**WHAT YOU HAVE TO DO:** Find the word "Holder" below. Copy each line that has it.

(Scraped caption text data)
——

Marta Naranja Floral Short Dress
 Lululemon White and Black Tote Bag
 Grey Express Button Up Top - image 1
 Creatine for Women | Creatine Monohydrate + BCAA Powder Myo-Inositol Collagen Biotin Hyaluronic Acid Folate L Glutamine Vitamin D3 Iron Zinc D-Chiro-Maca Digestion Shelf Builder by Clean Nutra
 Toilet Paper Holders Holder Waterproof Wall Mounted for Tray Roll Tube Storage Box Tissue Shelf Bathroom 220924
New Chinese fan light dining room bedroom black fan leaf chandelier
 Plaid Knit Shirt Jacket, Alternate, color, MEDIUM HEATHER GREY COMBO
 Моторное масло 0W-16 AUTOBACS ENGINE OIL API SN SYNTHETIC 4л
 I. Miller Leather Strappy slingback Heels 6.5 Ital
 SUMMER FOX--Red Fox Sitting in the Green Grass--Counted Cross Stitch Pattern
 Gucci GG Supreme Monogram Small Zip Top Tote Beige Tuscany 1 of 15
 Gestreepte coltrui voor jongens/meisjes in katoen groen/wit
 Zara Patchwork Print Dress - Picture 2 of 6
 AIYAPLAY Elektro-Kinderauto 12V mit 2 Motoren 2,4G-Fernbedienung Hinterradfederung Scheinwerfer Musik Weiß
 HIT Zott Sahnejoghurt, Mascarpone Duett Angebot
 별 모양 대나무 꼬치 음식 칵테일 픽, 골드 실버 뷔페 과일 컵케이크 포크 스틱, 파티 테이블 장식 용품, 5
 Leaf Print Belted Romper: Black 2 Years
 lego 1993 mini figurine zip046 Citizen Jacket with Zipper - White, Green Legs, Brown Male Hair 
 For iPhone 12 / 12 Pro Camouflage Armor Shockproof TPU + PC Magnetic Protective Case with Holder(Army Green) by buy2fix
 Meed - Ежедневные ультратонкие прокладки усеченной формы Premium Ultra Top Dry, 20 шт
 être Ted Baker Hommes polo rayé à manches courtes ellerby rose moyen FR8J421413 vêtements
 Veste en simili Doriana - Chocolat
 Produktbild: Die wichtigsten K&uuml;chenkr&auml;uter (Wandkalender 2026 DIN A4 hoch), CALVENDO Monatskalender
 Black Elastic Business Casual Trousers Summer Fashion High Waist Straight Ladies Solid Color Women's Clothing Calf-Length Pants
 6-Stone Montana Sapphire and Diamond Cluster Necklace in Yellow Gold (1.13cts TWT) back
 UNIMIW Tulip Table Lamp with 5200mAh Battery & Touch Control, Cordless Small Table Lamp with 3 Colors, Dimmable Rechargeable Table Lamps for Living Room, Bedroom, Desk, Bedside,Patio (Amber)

——

**OUTPUT OF THE EXERCISE:**
 Toilet Paper Holders Holder Waterproof Wall Mounted for Tray Roll Tube Storage Box Tissue Shelf Bathroom 220924
 For iPhone 12 / 12 Pro Camouflage Armor Shockproof TPU + PC Magnetic Protective Case with Holder(Army Green) by buy2fix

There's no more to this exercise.